L’Est, lieu obsessionnel sur lequel poussent les forêts de bouleaux, où s’ouvrent les tombes des poètes et des proscrits morts d’avoir voulu dire,
L’Est, source d’inspiration où règnent la mort, la vie et l’impuissance à être soi…
L’Est, terre de ces femmes auxquelles s’adresse le poète et qui sont toutes incarnation du désir d’aimer, d’être consolé, tentative de retrouver une matrice protectrice.
Pour le poète, orphelin des mots, trahi par eux, la beauté des mains partagées permet d’oublier un instant l’exil subi.
C’est à l’Est encore que la lumière du soleil foudroie les mots et non l’inverse.
L’Est, cet inexorable aimant qui tire à lui les pas du poète et rend son combat perdu d’avance.
FOUDROYER LE SOLEIL est un titre- cri : douleur, désespérance, tentative d’en finir avec les cris du monde et les cris intérieurs du poète.
Le soleil se lève à l’Est et pourtant avec lui s’étend sur le poète l’obscurité de l’amour perdu, de la mort, de la trahison.
Chez Denis Emorine, le soleil comme l’amour ne peuvent se défaire de l’ombre de sa mort. Évoquer l’un fait apparaître l’autre en filigrane…
Le poète s’est heurté à l’Histoire et à son histoire propre. Il se sent écartelé et seul dans un exil intime qui l’entrave.

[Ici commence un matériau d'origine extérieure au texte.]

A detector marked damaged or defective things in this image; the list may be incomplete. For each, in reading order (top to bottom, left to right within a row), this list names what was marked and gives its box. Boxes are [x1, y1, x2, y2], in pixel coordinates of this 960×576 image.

Où se situer entre le grand pays glacé qui lui renvoie ces voix qui parlent une langue inconnue, porte en lui l’amour et la mort et cependant le fascine et l’appelle et sa terre natale à l’Ouest où sa vie brutalement s’est froissée, le mettant face à l’amour et la trahison ?

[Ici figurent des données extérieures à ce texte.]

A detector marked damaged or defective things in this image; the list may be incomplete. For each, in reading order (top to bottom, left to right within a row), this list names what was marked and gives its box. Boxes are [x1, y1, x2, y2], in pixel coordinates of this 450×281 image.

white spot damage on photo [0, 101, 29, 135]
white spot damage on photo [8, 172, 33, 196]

Le langage poétique, possible lien entre ces deux continents intérieurs reste pour le poète un exil dont il ne reviendra jamais.
Toute la poésie de Denis Emorine tente de découdre la nuit qui s’est abattue sur lui, essaye d’abattre également la forêt de bouleaux qui pousse au secret du poète mais encore et toujours, inexorable, la mort vient de l’Est.

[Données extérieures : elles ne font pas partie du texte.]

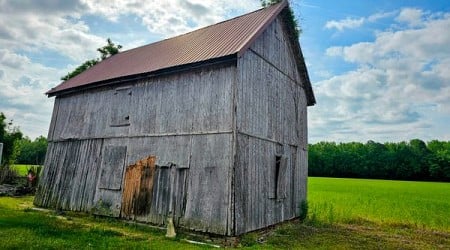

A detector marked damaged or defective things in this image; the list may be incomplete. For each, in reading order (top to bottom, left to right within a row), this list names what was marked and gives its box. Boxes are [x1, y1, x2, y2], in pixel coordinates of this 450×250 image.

rusty metal roof [45, 0, 312, 105]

Il semblerait pourtant que dans ce recueil, le poète ait franchi un seuil inhabituel dans l’intensité de la douleur exprimée, dressant une sorte d’acquiescement à son impossibilité à sortir de ses conflits intérieurs, à réparer ce qui fut brisé, à se suspendre aux branches du monde qui rompent trop facilement.
La parole, elle-même, s’efface devant la mort…
L’obscurité règne sur l’écriture du monde.
Si les thèmes abordés dans ce recueil sont ceux qui façonnent le parcours poétique de Denis Emorine , ces poèmes écrits au moment de l’invasion russe en Ukraine ont ici une résonance particulière dans la détresse qu’ils expriment.
L’Est est en feu/l’espoir se consume/aux quatre coins du monde/ l’Est/ Est/En/Feu
et le poète est rejoint par la guerre nuits et jours.
Denis Emorine est le poète des contraires, des mots durs et tendres, de la femme que l’on serre dans ses bras et de celle qui vous échappe, de la mémoire et de l’oubli, de l’exil en terre fantasmée et de l’ancrage dans la réalité de la douleur, du temps immobile qui boule le présent, de l’absence devenant présence et rencontre…
La poésie de Denis Emorine ne peut laisser intact le lecteur.
Silex incisif, elle taille large et fort en nous, laissant à la russe, douleur et amour s’entrelacer.